The vertex of a quadratic function in the form of ax^2 + bx + c is given by x = -b / 2a.
In this case, a = -16 and b = 1.
t = -1 / 2(-16)
t = 1 / 32
t ≈ 0.03125 seconds
Therefore, the penny is at its highest point at approximately 0.03125 seconds.
c. The maximum height achieved by the penny is the value of p(t) at the time t = 0.03125 seconds.
p(0.03125) = -16(0.03125)^2 + 0.03125 + 300
p(0.03125) ≈ 300.09766 feet
Therefore, the maximum height achieved by the penny is approximately 300.09766 feet.
d. The time the penny is in the air can be determined by finding the duration from when it is tossed up to when it hits the ground. To find this, we need to solve for t when p(t) = 0.
-16t^2 - t + 300 = 0
Using the quadratic formula, t = (-b ± √(b^2 - 4ac)) / 2a, with a = -16, b = -1, and c = 300.
t = (1 ± √((-1)^2 - 4(-16)(300))) / (2(-16))
t = (1 ± √(1 + 19200)) / (-32)
t ≈ (1 ± √19201) / -32
The positive value of t represents the time the penny is in the air. Without calculating the approximate value, we can determine that t > 0.
Therefore, the penny is in the air for some positive amount of time.
e.

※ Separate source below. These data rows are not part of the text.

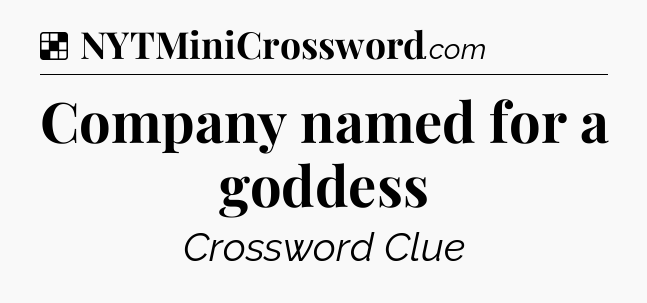 Solution: Company named for a goddess - NYT Crossword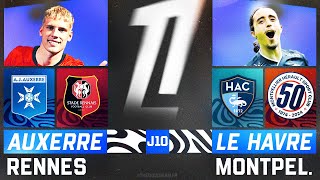 🔴 AUXERRE  RENNES  LE HAVRE  MONTPELLIER 🔥Objectif Maintien et Europe    LIGUE 1  LIVEDIRECT [upl. by Llevron891]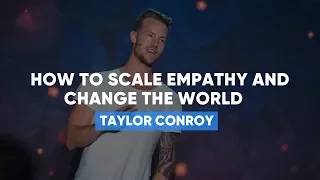 How To Scale Empathy & Change The World | Taylor Conroy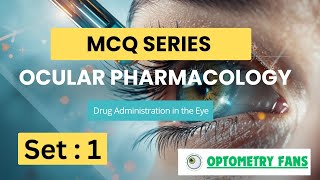 Mode of Administration of Drugs in Eye | Detailed MCQ | Ocular Pharmacology | Optometry Exam | Set 1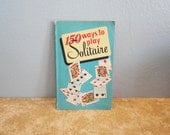 Vintage 150 Ways to Play Solitaire Book by Alphonse Moyse, Jr. - 1950 Paperback
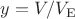 $y=V/V_{\rm E}$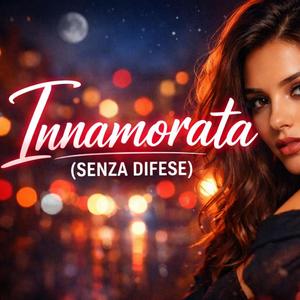 Sono innamorata Senza più difese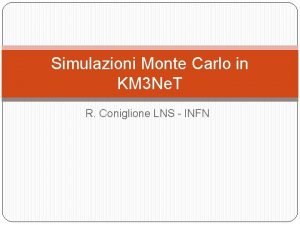 Simulazioni Monte Carlo in KM 3 Ne T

The speed at which the penny is going when it hits the ground can be determined by finding the velocity at the time t from part d.
We can determine this by evaluating v(t) = -32t + 10 at the time t when the penny hits the ground.

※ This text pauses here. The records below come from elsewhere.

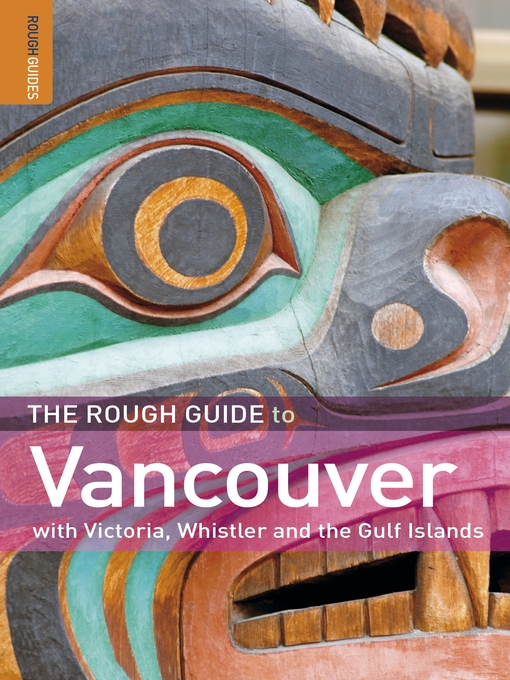 Title details for The Rough Guide to Vancouver by Rough Guides - Available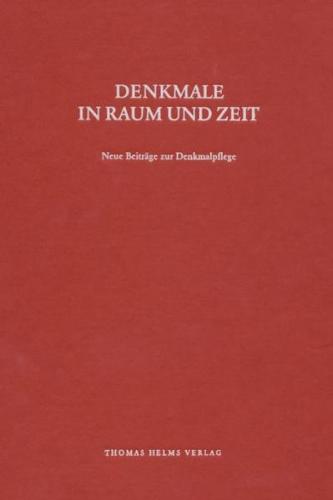Denkmale in Zeit und Raum. Neue Beiträge zur Denkmalpflege 
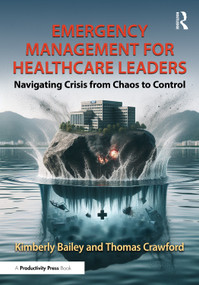 Emergency Management for Healthcare Leaders (Navigating Crisis from Chaos to Control) by Kimberly Bailey, Thomas Crawford, 9781032867908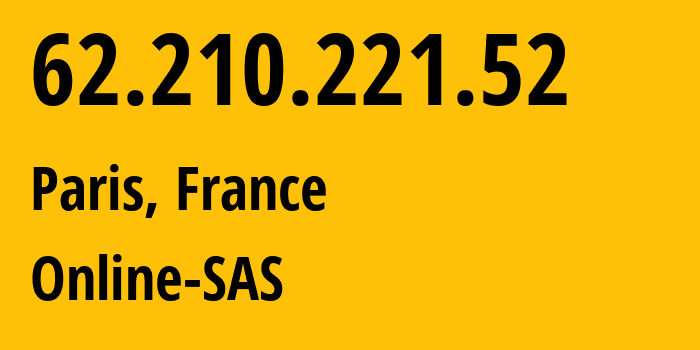 IP-адрес 62.210.221.52 (Париж, Иль-де-Франс, Франция) определить местоположение, координаты на карте, ISP провайдер AS12876 Online-SAS // кто провайдер айпи-адреса 62.210.221.52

Since we determined that t > 0 in part d, we can calculate the velocity when it hits the ground by substituting t with the positive value we obtained.
v(t) = -32t + 10
Therefore, the velocity of the penny when it hits the ground is given by v(t) = -32t + 10.
To answer these questions, we need to analyze the equations given for velocity and distance. Here's how we can find the answers:
a. To find the time when the penny's velocity is zero, we set v(t) = 0 and solve for t:
-32t + 10 = 0
-32t = -10
t = -10 / -32
t = 5/16 seconds
b. To find when the penny is at its highest point, we need to find the maximum value of the distance function p(t). We can use calculus to find the vertex of the parabola representing the distance equation.
The vertex of a parabola in the form of p(t) = at^2 + bt + c is given by t = -b / (2a). In this case, a = -16, b = -1, and c = 300.
So, t = -(-1) / (2(-16))
t = 1 / 32 seconds
c. The maximum height achieved by the penny is the value of p(t) at the highest point, which can be found by substituting the value of t from the previous step into the distance equation:
p(t) = -16t^2 + 1 - t + 300
p(1/32) = -16(1/32)^2 + 1 - (1/32) + 300
p(1/32) = 301.9375 feet
d. The time the penny is in the air can be calculated by finding the time it takes for the distance to reach zero. This occurs when p(t) = 0, so we can solve for t:
-16t^2 + 1 - t + 300 = 0
-16t^2 - t + 301 = 0
Using the quadratic formula, t = (-b ± sqrt(b^2 - 4ac)) / (2a)
t = (-(-1) ± sqrt((-1)^2 - 4(-16)(301))) / (2(-16))
Solve and select the positive value of t, which gives the time the penny is in the air.
e. To find how fast the penny is going when it hits the ground, we can use the velocity equation v(t) = -32t + 10 and substitute the value of t found in part d. This will give us the speed of the penny when it hits the ground.